The city and other public employers (school boards, hospitals, the province universities colleges) have a responsibility to act as model employers, to always have the best conditions, the best wages for similar work, not necessarily by a lot but by a noticable amount, in order to push private employers to clean up their act and get with the program.
The down side of working in the public sector is that you will never get rich but the up side is you will never be poor and you will have relative job security.
There is a clear public policy objective here the same as the roll of EI, welfare, minimum wages, H&S all to stop the private market from having too much control over the standard of living. When the private sector has too much control, incomes polarize and a great deal of instability is created which ironically is bad for business. In extreme cases it creates revolutionary conditions. Witness Europe in the 1930s.

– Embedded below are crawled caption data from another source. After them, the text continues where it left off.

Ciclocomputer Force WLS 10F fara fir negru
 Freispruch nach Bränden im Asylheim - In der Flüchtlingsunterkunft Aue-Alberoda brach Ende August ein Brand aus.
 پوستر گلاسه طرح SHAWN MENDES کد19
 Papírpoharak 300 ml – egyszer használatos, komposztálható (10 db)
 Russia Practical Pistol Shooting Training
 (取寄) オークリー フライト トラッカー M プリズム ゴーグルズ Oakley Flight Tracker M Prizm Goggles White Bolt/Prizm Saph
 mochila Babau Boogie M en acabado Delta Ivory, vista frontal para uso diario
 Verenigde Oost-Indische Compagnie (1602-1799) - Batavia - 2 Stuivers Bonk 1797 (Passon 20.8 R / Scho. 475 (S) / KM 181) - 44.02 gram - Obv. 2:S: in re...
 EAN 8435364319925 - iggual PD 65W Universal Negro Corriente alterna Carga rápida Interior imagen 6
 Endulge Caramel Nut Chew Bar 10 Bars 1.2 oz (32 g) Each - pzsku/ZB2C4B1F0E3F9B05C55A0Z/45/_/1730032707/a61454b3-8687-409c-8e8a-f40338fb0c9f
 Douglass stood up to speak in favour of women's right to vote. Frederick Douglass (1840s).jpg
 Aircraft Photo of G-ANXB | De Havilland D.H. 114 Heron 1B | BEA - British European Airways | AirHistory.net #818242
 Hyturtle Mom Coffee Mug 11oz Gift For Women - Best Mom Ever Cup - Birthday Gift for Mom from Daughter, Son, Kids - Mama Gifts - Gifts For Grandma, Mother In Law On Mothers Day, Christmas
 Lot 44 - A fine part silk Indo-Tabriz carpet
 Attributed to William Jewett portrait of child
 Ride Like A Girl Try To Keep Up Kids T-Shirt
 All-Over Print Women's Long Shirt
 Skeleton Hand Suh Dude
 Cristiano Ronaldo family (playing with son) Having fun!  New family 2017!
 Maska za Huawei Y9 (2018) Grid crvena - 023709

The wages in the public sector are purchasing power that translates into demand thus fueling the private economy especially when the private economy is incapable of doing this on its own.
"History clearly shows that when you give the keys to the family car to the private sector and don't come along for the ride with regulation and the policies above, they have pretty soon put the car in the ditch and the public sector has to bail them out again just a Roosevelt had to do in the thirties.Stimulus plan anyone? Thanks so much Wall Street."
You just can't trust the private sector alone with control of the economy and thus society in general. The are a dynamic wealth producer but a poor wealth distributor. You are just up against history here guys. I am declaring a victory at this point because I have so clearly won the debate right Fuji? Right Larue? Right Blackrock? I am going home to sleep with the Championship belt at this point.